Problem description:
Your task is to print all of the data below exactly, with no pictures included.

Provided data:
>>>
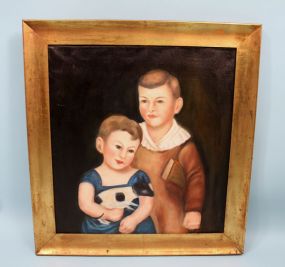 Oil on Canvas Painting of Children, Vera L. Stephenson (Jackson, MS)
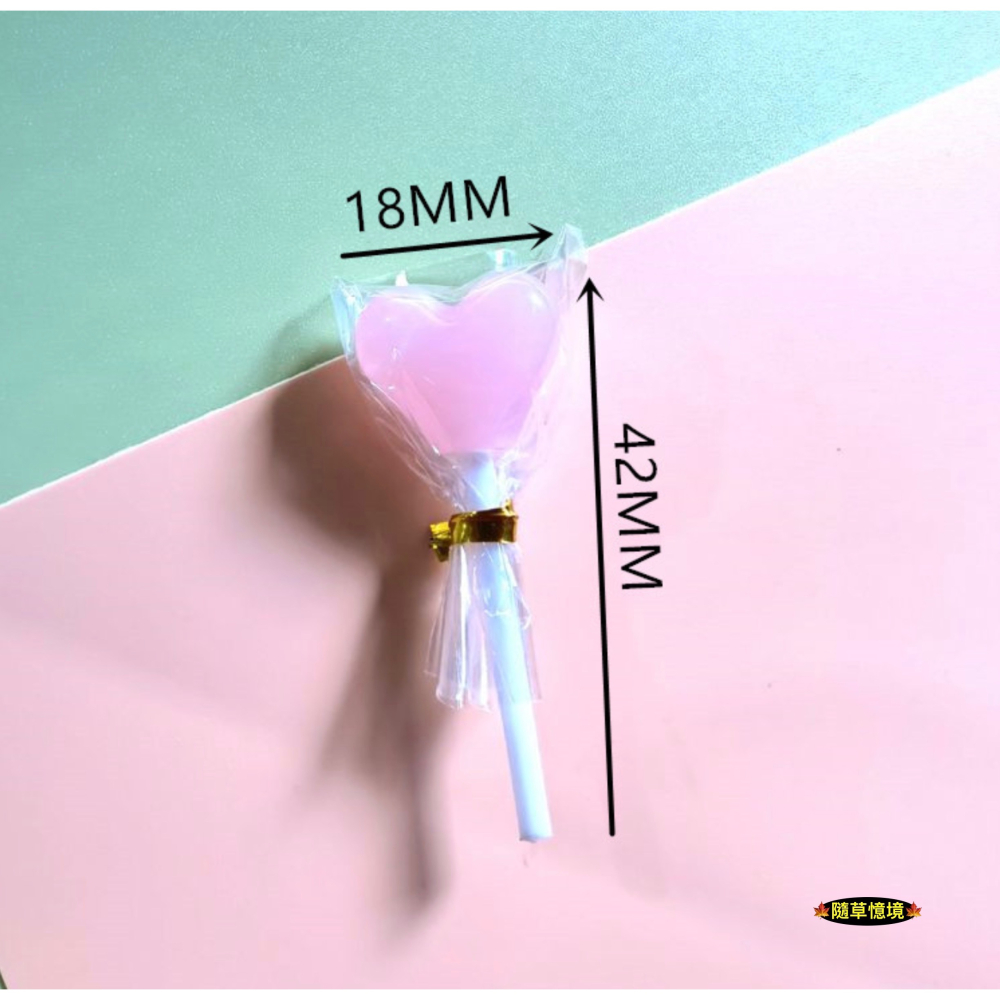 （五色）迷你仿真 愛心棒棒糖 心型棒棒糖 糖果 棒棒糖 甜食 娃娃屋 袖珍 微縮 食玩 微景觀 模型-細節圖8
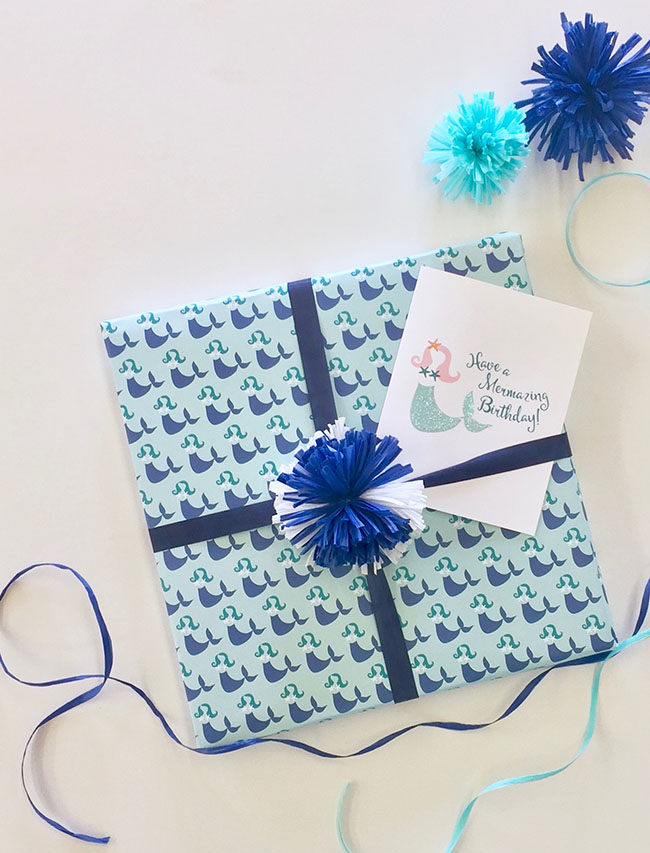 Mermaids card and gift wrap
<<<
Solved problem:
 Oil on Canvas Painting of Children, Vera L. Stephenson (Jackson, MS)
 （五色）迷你仿真 愛心棒棒糖 心型棒棒糖 糖果 棒棒糖 甜食 娃娃屋 袖珍 微縮 食玩 微景觀 模型-細節圖8
 Mermaids card and gift wrap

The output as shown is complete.